(Study material):
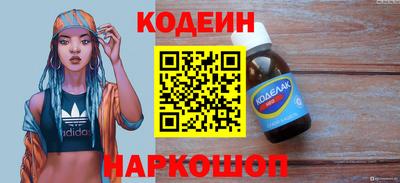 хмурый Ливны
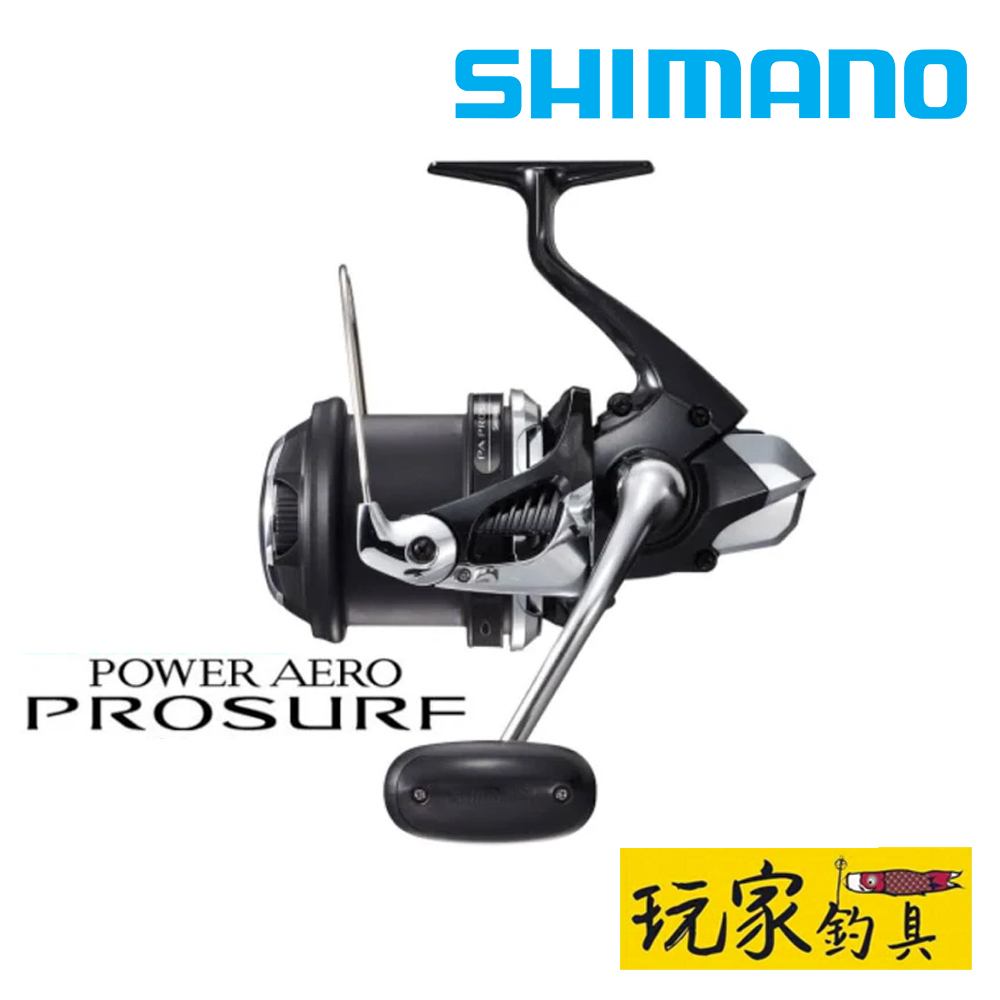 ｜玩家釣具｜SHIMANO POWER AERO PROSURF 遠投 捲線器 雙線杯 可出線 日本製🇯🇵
...
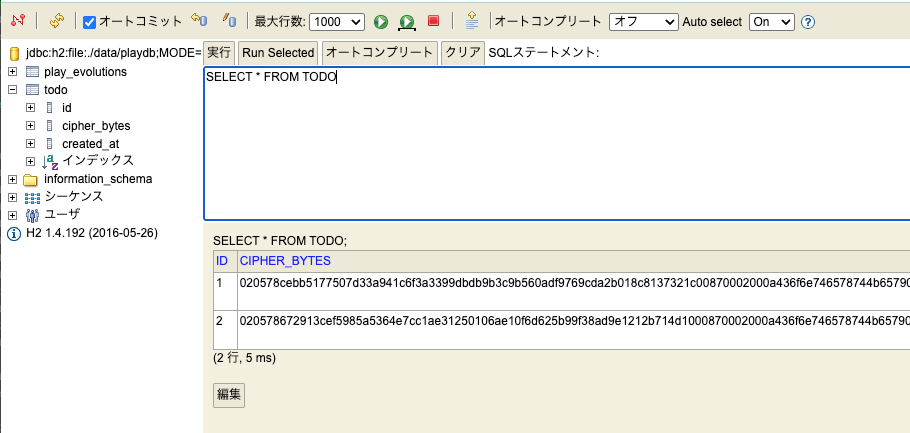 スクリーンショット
---
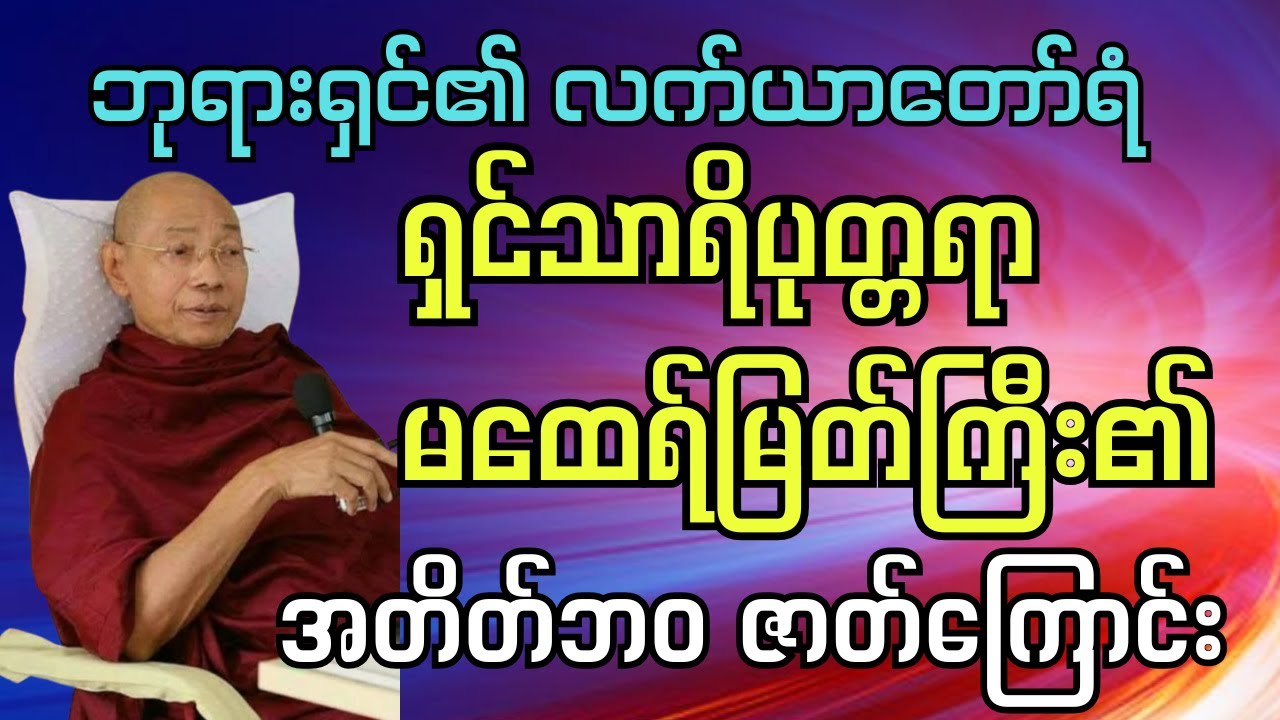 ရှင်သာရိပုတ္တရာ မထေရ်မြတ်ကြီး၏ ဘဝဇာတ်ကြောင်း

(What you should do):
Using the entries above, write out exactly the lines from the one with "хмурый Ливны" through the one with "雙線杯 可出線 日本製🇯🇵", ends included. Leave out any pictures.

(Output of the exercise):
 хмурый Ливны
 ｜玩家釣具｜SHIMANO POWER AERO PROSURF 遠投 捲線器 雙線杯 可出線 日本製🇯🇵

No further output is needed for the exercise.